Une tension palpable

La tension montait d'un côté et de l'autre de l'estrade. Mottaki surprenait tout le monde par sa capacité à avoir réponse à tout, même aux questions les moins diplomatiques. Sans toutefois parvenir à décourager le public : il s'installait presque un esprit de compétition. A qui réussirait à le déstabiliser. Le pic a été atteint par un intervenant qui a affirmé avoir voulu porter une cravate verte. Je dirais que c’est lui qui a gagné le combat si on considère l’expression presque choquée que j’ai cru lire sur le visage de l’invité.

On ne peut pas dire non plus que Mottaki ait épargné les Européens de critiques féroces, en particulier lorsqu'il a dénoncé l'attitude des pays européens pendant la guerre du Golfe.

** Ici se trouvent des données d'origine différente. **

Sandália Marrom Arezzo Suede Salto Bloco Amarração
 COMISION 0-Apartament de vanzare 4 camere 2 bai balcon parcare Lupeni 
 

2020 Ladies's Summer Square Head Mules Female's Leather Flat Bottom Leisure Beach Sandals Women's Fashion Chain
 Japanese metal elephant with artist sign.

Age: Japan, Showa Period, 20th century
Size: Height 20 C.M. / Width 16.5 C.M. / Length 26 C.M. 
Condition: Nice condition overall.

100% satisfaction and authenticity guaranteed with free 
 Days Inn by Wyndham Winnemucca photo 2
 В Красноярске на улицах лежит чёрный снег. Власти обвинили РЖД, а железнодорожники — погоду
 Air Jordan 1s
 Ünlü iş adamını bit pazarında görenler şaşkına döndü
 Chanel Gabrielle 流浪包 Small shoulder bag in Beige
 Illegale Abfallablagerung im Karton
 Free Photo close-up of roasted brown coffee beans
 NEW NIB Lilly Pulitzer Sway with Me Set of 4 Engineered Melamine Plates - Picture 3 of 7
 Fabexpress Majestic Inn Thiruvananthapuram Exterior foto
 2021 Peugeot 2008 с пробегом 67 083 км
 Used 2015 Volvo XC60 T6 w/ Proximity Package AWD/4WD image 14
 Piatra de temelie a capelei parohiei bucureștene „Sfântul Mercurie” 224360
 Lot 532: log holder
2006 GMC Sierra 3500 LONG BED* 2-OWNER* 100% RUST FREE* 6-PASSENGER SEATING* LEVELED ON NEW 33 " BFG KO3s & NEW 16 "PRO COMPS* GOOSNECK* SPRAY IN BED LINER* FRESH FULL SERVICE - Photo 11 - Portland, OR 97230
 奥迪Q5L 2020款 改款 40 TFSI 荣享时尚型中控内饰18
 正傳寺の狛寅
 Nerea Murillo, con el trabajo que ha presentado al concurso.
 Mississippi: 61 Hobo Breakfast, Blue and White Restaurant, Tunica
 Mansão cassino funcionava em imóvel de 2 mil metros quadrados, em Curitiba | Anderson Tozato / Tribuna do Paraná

L'Iran, un pays sur la défensive?

En ce qui concerne la question nucléaire, Manouchehr Mottaki a répété la volonté de son pays de collaborer avec l’Agence Internationale de l’Energie Atomique (AIEA) et de respecter les accords internationaux. Il n’a pas manqué l'occasion de provoquer à nouveau le public en lui faisant remarquer avec sarcasmes qu’il n’y a pas de pays qui collabore davantage avec l’AIEA que l’Iran. Mais Mottaki cherchait également à placer son message : l’Iran ne cherche pas à se doter de l’arme nucléaire, et désire encore moins s'attaquer à d’autres pays; la stratégie militaire du pays a toujours été défensive et jamais offensive.

Malgré l'accueil acide que le public d'européens lui avait réservé, le Ministre iranien a exprimé à plusieurs reprises et tout au long du débat, sa volonté de maintenir un dialogue avec l’Union Européenne, et il a insisté sur la nécessité de la diplomatie et de la collaboration entre les pays.

Une rencontre animée en somme, qui sortait agréablement de l’ordinaire des visites diplomatiques.